Fionnwinnie, that makes sense too.

That would depend on why they were fidgety when tied up or what caused the horse to barge into me. Horses don't just "do" stuff, there is always a reason and given we are (supposedly) the ones with the advanced brains, it's up to us to figure it out.

And if they are not taught correctly in the first place, then you have to undo and start again.
 
Differently for each horse. Joe is a sweety and a submissive horse to others in the paddock. He is handled very differently to my bossy mare. A quiet "ah" will remind Joe where he should be standing/moving whereas the mare gets bopped on the nose with a leadrope occasionally to keep her in the sweet spot when leading, and periodic refreshers of the ground rules!
But the basic "rules" are the same:
1. You do not climb into my space
2. I move your feet, not the other way around.
3. When leading you stay behind my shoulder. You do NOT get in front (this is a tough one with the mare who marches EVERYWHERE as if she is late!)
4. When I get on, you will stand on a loose rein and await further orders, NOT start walking.
In return, in order to keep their respect:
1. I will leave you alone when you are eating, as a rule (occasional"**** I'm running late" rug changes are allowed)
2. You can have a say in when to walk/trot/canter on the trail.
3. I will NEVER get you into a situation which will hurt you or genuinely scare you. I WILL listen.
You have to show that you are worth respect - this is NOT about being a bully, but about demonstrating that you are worth listening to. You already provide food, water and comfort (rugs, fly spray, scratches) so the other side of that equation is trust. The true 4 legged leaders don't have to bully.
Agree with other posters that if you teach them to lead and tie up correctly as babies, everything else is much easier.
 
It's not gaining respect as much as being fair - reward when good and tell off of being bad. Telling off doesn't work for everything though, depends on how they react, sometimes it's better to ignore the bad and only reward the good.

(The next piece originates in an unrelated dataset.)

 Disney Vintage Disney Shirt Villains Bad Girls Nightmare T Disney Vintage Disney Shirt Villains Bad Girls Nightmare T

Eg. When I first bought Billy as a 4 year old (couple of days after) the breeder took us to a hunt with his other horses. Bill got very excited and started to get naughty, and having a small rear when held back behind other horses at times. He didn't refuse any jumps but instead was getting to the point where he was jumping without looking at the fence. Strange experience but he was so excited and brave - so I didn't tell him off as he would read it as excited and brave = wrong. Instead I just rode him through and rewarded the good bits. He wasn't being "bad" ie. Wasn't trying to get me off at any point, he was just so excited he couldn't hold it in! :)

Imo it's based on being able to read your horse and react accordingly.

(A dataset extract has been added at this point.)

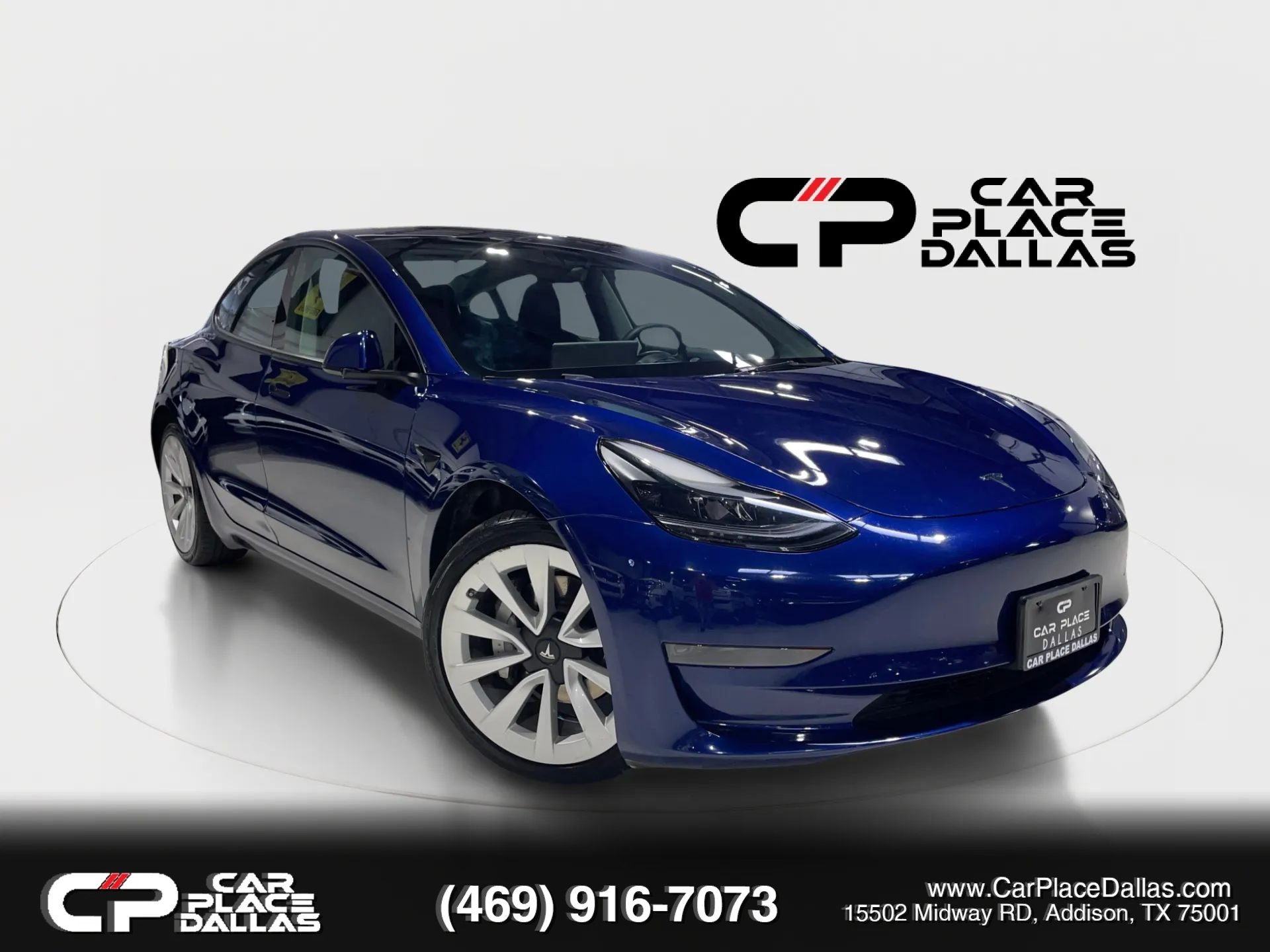 Used 2023 Tesla Model 3 Standard Range RWD image 1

But being broken correctly is a big factor - but not the parelli version. Billy was very easy to break - the breeder sat on him in the field and he was v happy! Lucky to have such an easy going horse :)
 
Totally agree. Never take it personally.
Yup - it's a strategy that works.

When people talk about respect between people, it's all about personal feelings and attitudes. Is it the same when talking about horses and humans? I don't think so. In my opinion we need to be careful when using the word "respect" not to make it personal when it isn't, since what we are really talking about is behaviour.
 
I've done join-up with a couple of horses I've had who arrived with pushy manners and I felt it helped with our relationship a little, but otherwise I just worked hard with them to get a nice relationship going then respect comes with it. I never use force as such, never needed to. If a horse did anything genuinelly naughty like kick or bite me then I'll admit I do it back! But otherwise, I treat them fairly as I expect them to treat me and I've never had any particular issues - I've been very lucky to only have had 1 horse who really pushed the boundaries. I think you just have to keep the same rules in place, just like others have said - like if mine move into my space when grooming for example then I'll immediately ask them to move away. I think problems start if people ignore these little things and can very quickly escalate into much bigger problems. Nip any tiny things in the bud and mine have always been a dream to handle and ride etc. But I think some people can over-react to these little things too, I saw someone the other day going ballistic on their horse when the horse accidentally stepped on her foot at a show, poor horse was terrified and I dont believe it even knew what it had done wrong so it learnt nothing from the experience and IMO lost respect in its handler. Too many people think a horse is being naughty when it really is just confused or there's other issues going on (normally human-caused). It's just common sense.
 
Respect is a mutual thing. In order to gain your horse's respect, you must respect them too. I'm no fluffy bunny - to me, respecting them just means that you don't change the rules on them suddenly, you look for their signals (i.e. if they're comfortable with something or not), you keep them out of harm's way as much as possible, and you're firm but fair.
E.g. if I've told my horse to stand, he should stand until I come to get him or call him over. If I've not told him to stand, and he moves, I can't tell him off for moving.
If I've told my horse to stand, and someone drops a metal bucket off a lorry and causes an almighty racket and he jumps 2 feet to the side then stands still, I can't tell him off for moving because he's still a living, breathing horse with his own personality and reactions.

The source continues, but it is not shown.